Wednesday, December 03, 2008

Marcus-ism Alert

I don't generally think of myself as a masochist, and yet, for some reason, I turn to the op-ed page in the Washington Post every day to check it out.

Today, Ruth Marcus goes for attention-grabbing from the start:
Was Larry Summers right about women and science, after all?

Her column turns out to be based on two studies, published 4+ months ago, that provide more data on test scores for girls and boys. One of the studies was one of those about how, for some tests, boys' scores are more stratified than girls', and more of the top scorers are boys.
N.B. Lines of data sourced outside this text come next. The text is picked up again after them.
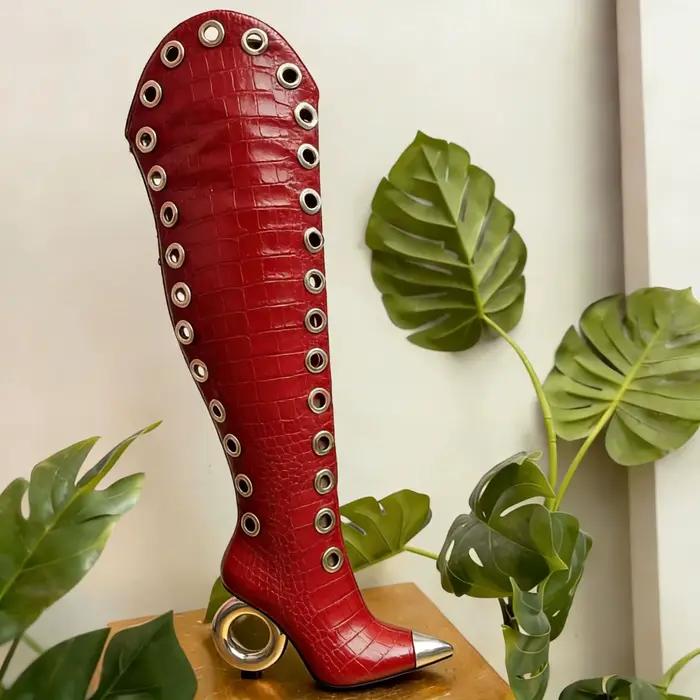 Bottes hautes en cuir croco gaufré avec œillets métalliques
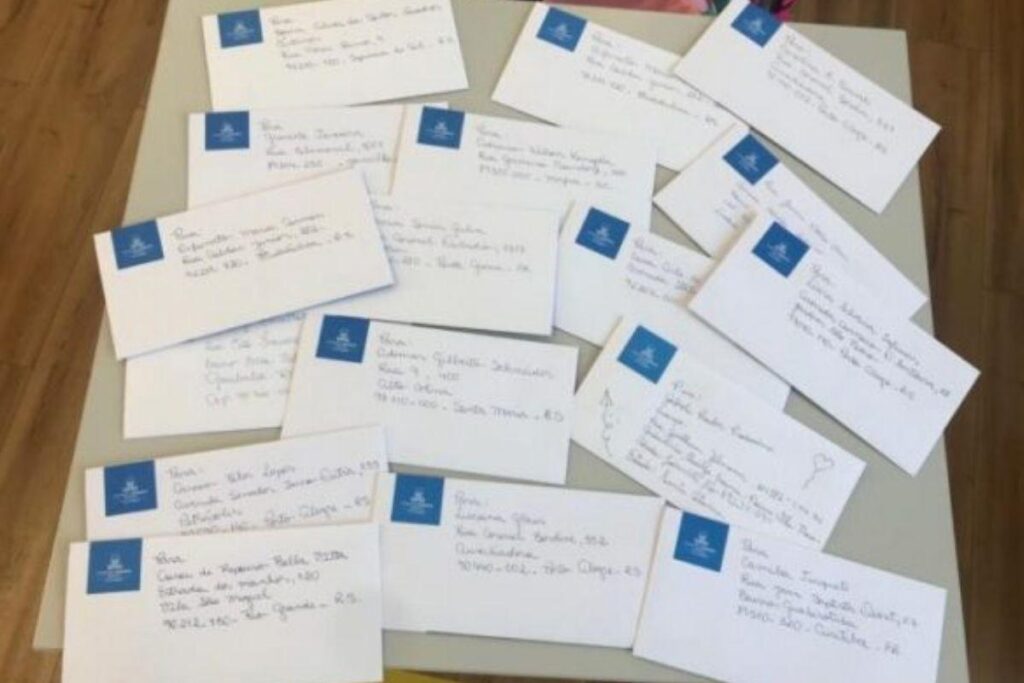 Alunos mandam cartas de empatia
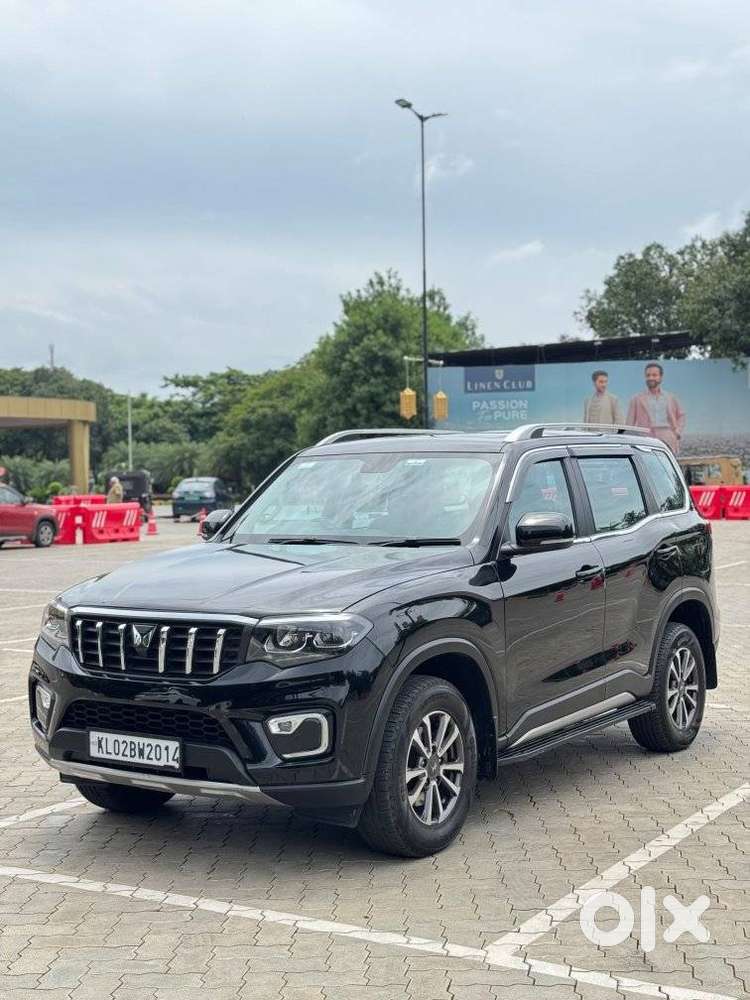 Mahindra Scorpio N Z8 Petrol At 7 Str, 2024, Petrol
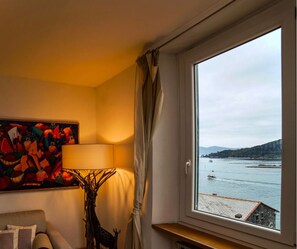 Apartment | Living room | Flat-screen TV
The research, of course, doesn't provide new answers on the matter of intrinsic sex differences; it provides information on sex differences as a whole, without evidence as to the nature or nurture of them. But it's no matter to Marcus, who concludes her review of the studies by saying that Summers "probably had a legitimate point." Oh, and for that matter, "the continuing uproar says more about the triumph of political correctness than about Summers's supposed sexism."

So there you have it.

Since Summers is on the table, I'm going to refer back to what Sean Carroll wrote at the time:
Okay, imagine you like to play chess, but the only person you know with a chess set is your friend (let's call him "Larry"), so you have to play with him over and over. You believe that the two of you are evenly matched, so the games should be competitive. Except that, while you are an extremely polite and considerate player, Larry is consistently obnoxious. When it is your turn to move, Larry likes to take out his trumpet and practice scales (he's a terrible trumpet player). Also, he tends to flick the light switch on and off while you are thinking. And he is consistently jiggling the chessboard slightly, so that the pieces are vibrating around. Occasionally, at crucial points during the game, he will poke you in the side with a sharp stick. And more than once, when it looked like you were about to win the game, he would "accidentally" spill his coffee on the board, knocking over the pieces, and declare the game a draw by forfeit.
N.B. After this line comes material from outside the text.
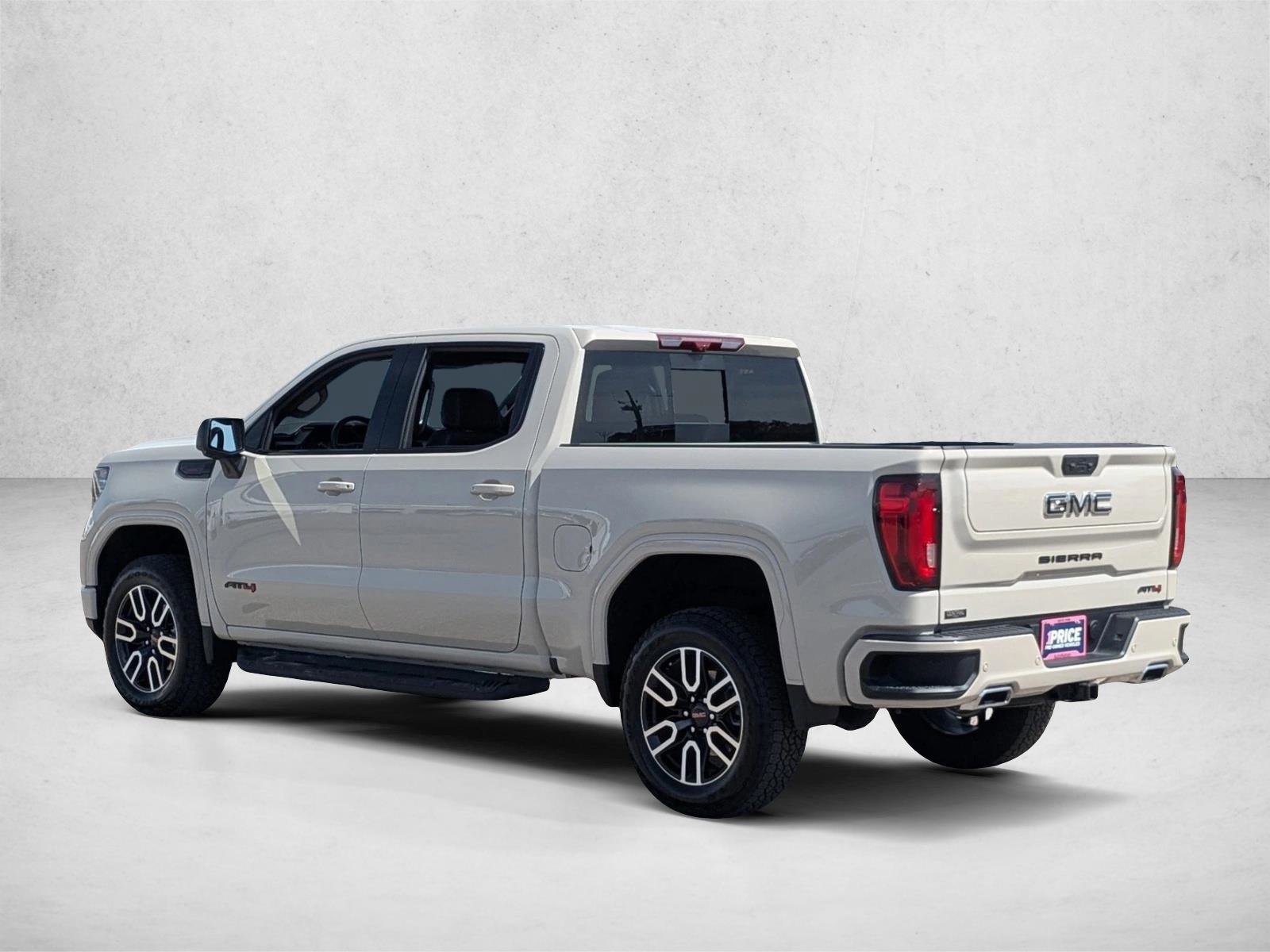 Used 2026 GMC Sierra 1500 AT4 w/ AT4 Premium Package AWD/4WD image 8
You put up with this behavior (he does, after all, own the chess set), but you are only able to win about ten percent of the games. Eventually, in frustration, you complain that his behavior is unfair and he should cut it out. "Well," says Larry, "let's entertain the hypothesis that you usually lose because you just aren't as good a chess player as I am. I suggest that you are just a sore loser with inferior cognitive capacity, although I'd love to be wrong about this."
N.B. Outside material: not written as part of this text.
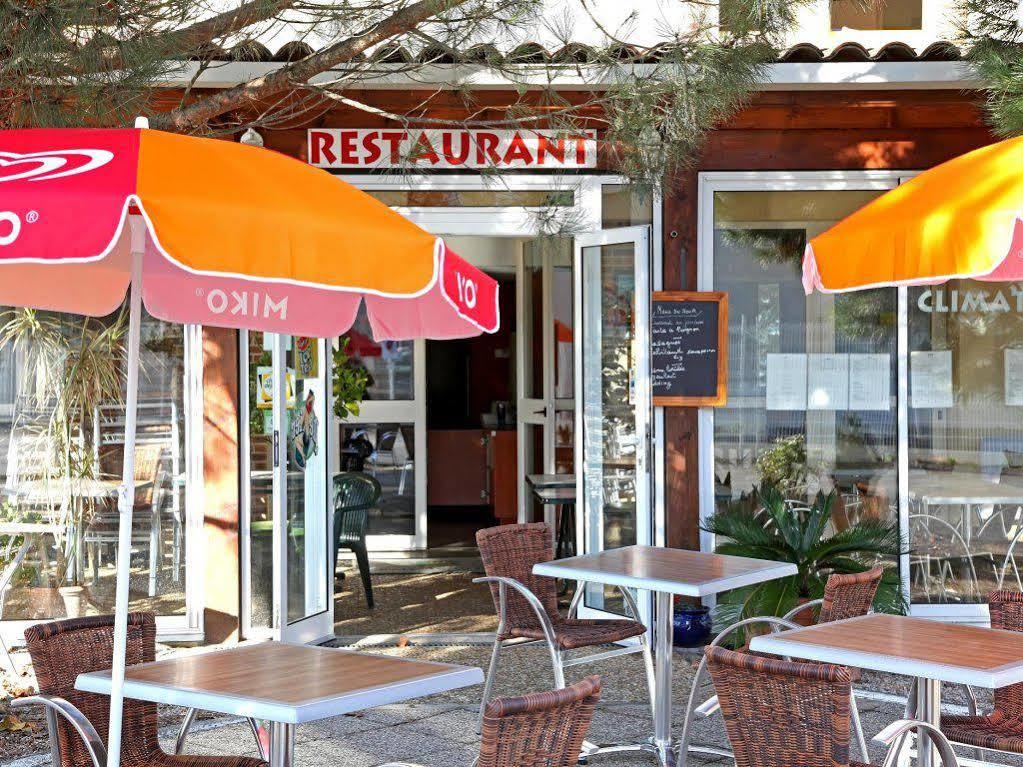 Logis Hotel- Hotel Restaurant Le Rialto Le Sequestre Buitenkant foto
Perhaps he is correct -- but in context, you have every right to slap him. Nobody should be against seeking the truth and exploring different hypotheses. But when systematic biases are widespread and perfectly obvious, and these biases are strongly affecting the representation of a group such as women, people have every right to be offended when the president of the most famous university in the world suggests that discrimination is imaginary, and it's women's own fault that there aren't more female scientists. Of course psychologists and sociologists should continue to do research on all sorts of hypotheses, and perhaps some day we will have a playing field that is sufficiently level that any remaining differences in the numbers of working scientists can be plausibly attributed to innate capacities. But in the meantime, we should be focused on overcoming the ridiculous biases that plague our field, not in pretending that they don't exist.